Aisu Yuki, Hori Tomohide, Kato Shigeru, Ando Yasuhisa, Yasukawa Daiki, Kimura Yusuke, Takamatsu Yuichi, Kitano Taku, Kadokawa Yoshio
Department of Gastrointestinal Surgery, Tenri Hospital, 200 Mishima-cho, Tenri City, Nara Prefecture, 632-8552, Japan.
Department of Gastroenterological Surgery, Faculty of Medicine, Kagawa University, 1750-1 Ikenobe, Miki-cho, Kita-gun, Kagawa Prefecture, 761-0793, Japan.
Int J Surg Case Rep. 2019;55:11-14. doi: 10.1016/j.ijscr.2018.12.001. Epub 2019 Jan 9.
During prone esophagectomy, placement of a port in the third intercostal space for upper mediastinal dissection requires adequate axillary expansion. To facilitate this, the right arm is elevated cranially and simultaneously turned outward. Brachial plexus paralysis associated with esophagectomy in the prone position has not been documented.
A 58-year-old man diagnosed with middle intrathoracic esophageal cancer was referred to our department. Thoracoscopic esophagectomy in the prone position was performed following neoadjuvant chemotherapy. After surgery, he complained of difficulty moving his right arm. Physical examination revealed perceptual dysfunction and movement disorder in the territory of cervical spinal nerve 6. Magnetic resonance imaging indicated the injury in the right posterior cord of the brachial plexus at the costoclavicular space. Therefore, we diagnosed the patient with right brachial plexus injury caused by the intraoperative position. The postoperative course was uneventful other than the brachial plexus paralysis, and he was discharged on postoperative day 23. He underwent continuous rehabilitation as an outpatient, and the right brachial plexus paralysis had completely disappeared by 2 months after surgery.

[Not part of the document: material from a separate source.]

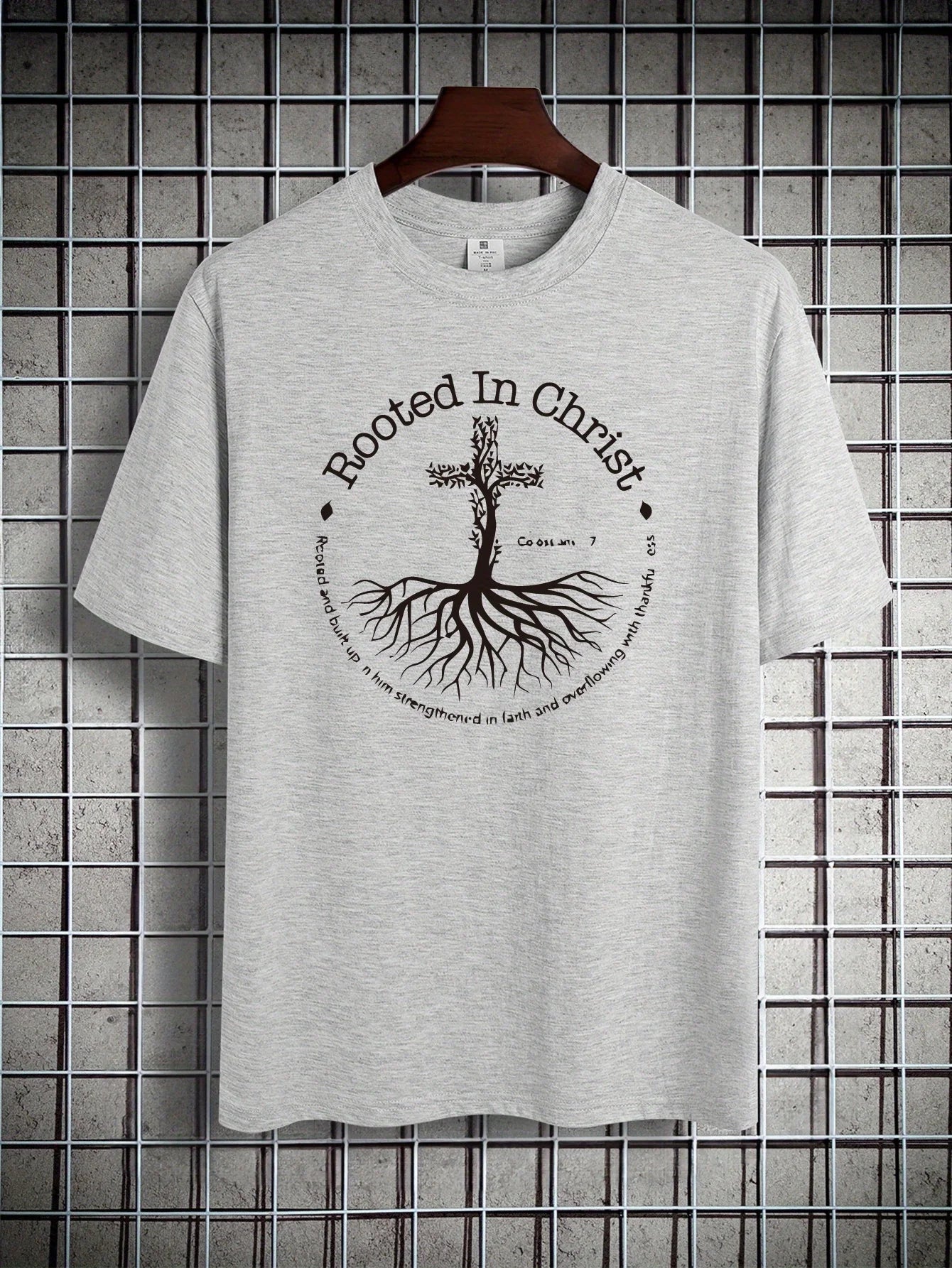 ROOTED IN Tree Roots Design  T-shirt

This is the first case of brachial plexus injury during thoracoscopic esophagectomy in the prone position. In prone esophagectomy, managing the patient's position, especially the head and arm positions, is so important to avoid brachial plexus injury due to intraoperative positioning.

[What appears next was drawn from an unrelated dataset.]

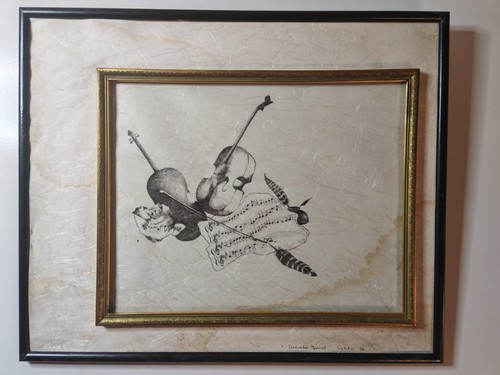 Dessin original encre - dessin, l'encre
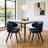 Modern PU Leather Dining Chair with Curved Backrest and Solid Wood Legs-622345897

The clinicians should consider managing the patient's position with anatomical familiarity to avoid brachial plexus injury due to intraoperative positioning.
在俯卧位食管切除术期间,为进行上纵隔解剖而在第三肋间间隙置入端口需要充分的腋窝扩张。为便于操作,右臂需向头侧抬高并同时向外旋转。尚未有文献记载俯卧位食管切除术相关的臂丛神经麻痹。
一名58岁男性被诊断为胸段中段食管癌,转诊至我科。在新辅助化疗后进行了俯卧位胸腔镜食管切除术。术后,他抱怨右臂活动困难。体格检查发现颈6脊神经支配区域存在感觉功能障碍和运动障碍。磁共振成像显示臂丛神经右后束在锁骨下间隙处损伤。因此,我们诊断该患者为术中体位导致的右臂丛神经损伤。除臂丛神经麻痹外,术后病程平稳,患者于术后第23天出院。他作为门诊患者接受了持续康复治疗,术后2个月时右臂丛神经麻痹已完全消失。
这是首例俯卧位胸腔镜食管切除术期间发生臂丛神经损伤的病例。在俯卧位食管切除术中,管理患者的体位,尤其是头部和手臂的位置,对于避免因术中体位导致臂丛神经损伤非常重要。
临床医生应结合解剖知识来管理患者体位,以避免因术中体位导致臂丛神经损伤。